Arthur Schopenhauer can help with a broken heart. A contemporary love story with Schopenhauerian notes teaches us that just because a woman doesn't return your phone call does not mean you should throw in the towel. Schopenhauer's will to live (Wille zum Leben) is defined by De Botton as 'an inherent drive in human beings to stay alive and to have children'. In other words, the woman who ditched you was probably not meant to be the mother of your children. Short men are attracted to tall women and stupid women to intelligent men: it's all a big hormonal evolutionary race.
Friedrich Nietzsche may be famous for his concept of the Ubermensch (a descriptive term for his literary heroes) but he is really useful for those facing emotional difficulties.

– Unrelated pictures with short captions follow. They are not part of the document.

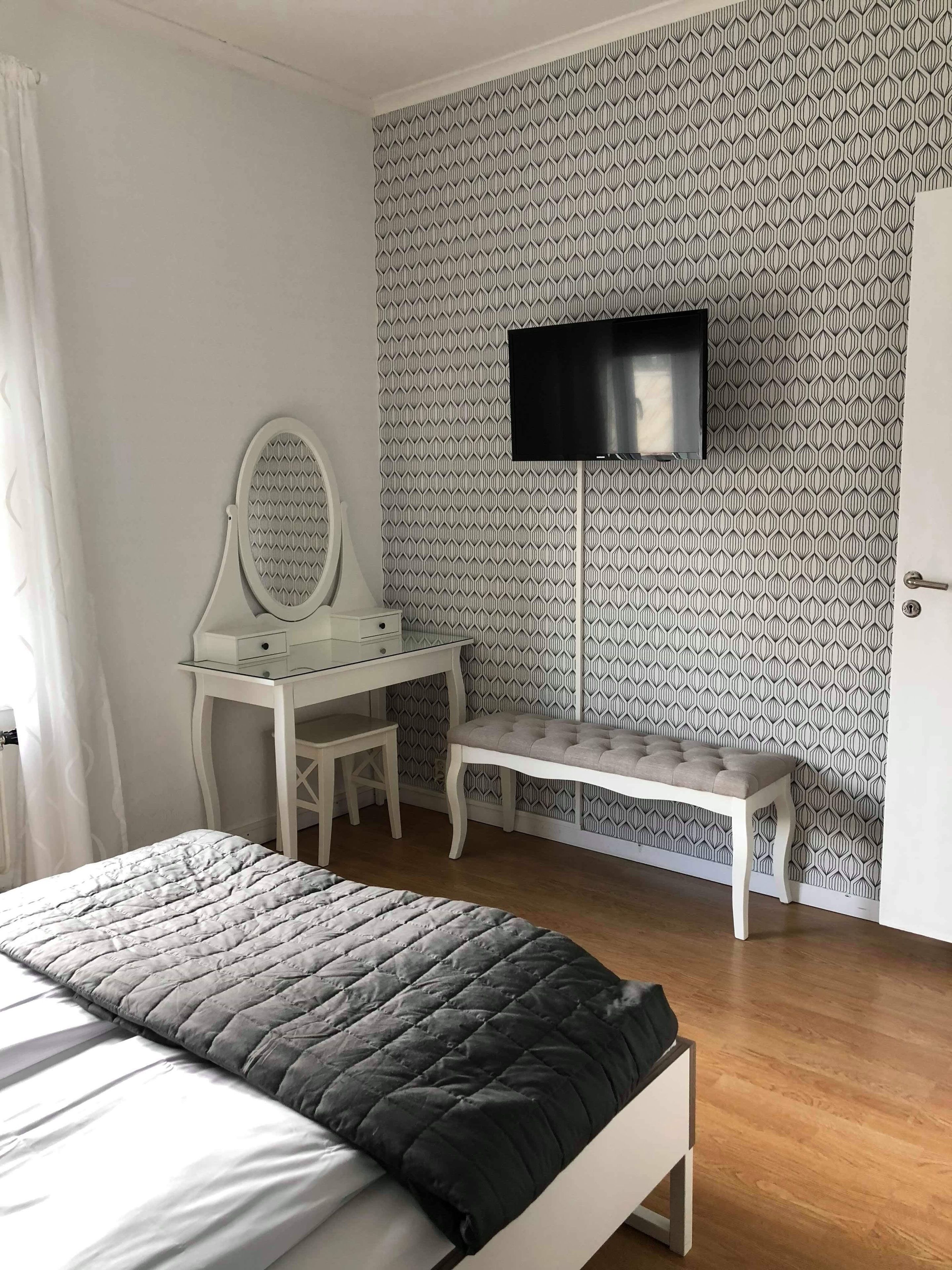 Un dormitorio con cama, escritorio, silla, banco y televisor montado en la pared.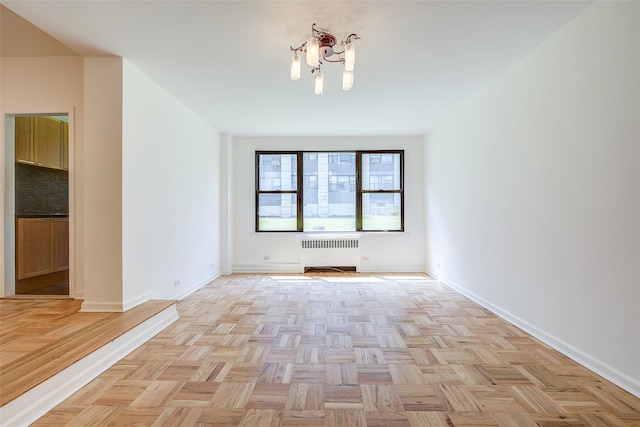 98-22 63rd Dr Unit 1D, Rego Park, NY 11374 - unfurnished room featuring radiator heating unit and a chandelier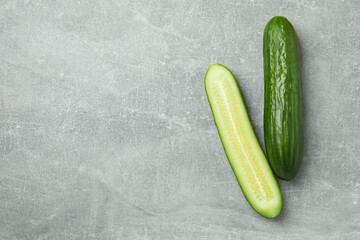 Ripe cucumbers on gray background, space for text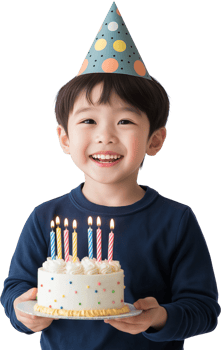 A boy holding a birthday cake with candles png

Nietzsche was writing about low frustration tolerance (the new buzzwords in psychology) more than 100 years ago. 'Fulfilment is reached by responding wisely to difficulties that could tear one apart,' explains De Botton. 'Nietzsche urged us to endure.' To regard states of distress in general as an objection and something that must be abolished is stupid, he continues. 'Without frustration one can never achieve greatness.'
His simplistic approach to philosophy may infuriate the academic community, but for those who never bothered with Aristotle's Nicomachean Ethics or Nietzsche's On the Genealogy of Morals, this is a welcome, witty respite. It's McDonald's for the mind.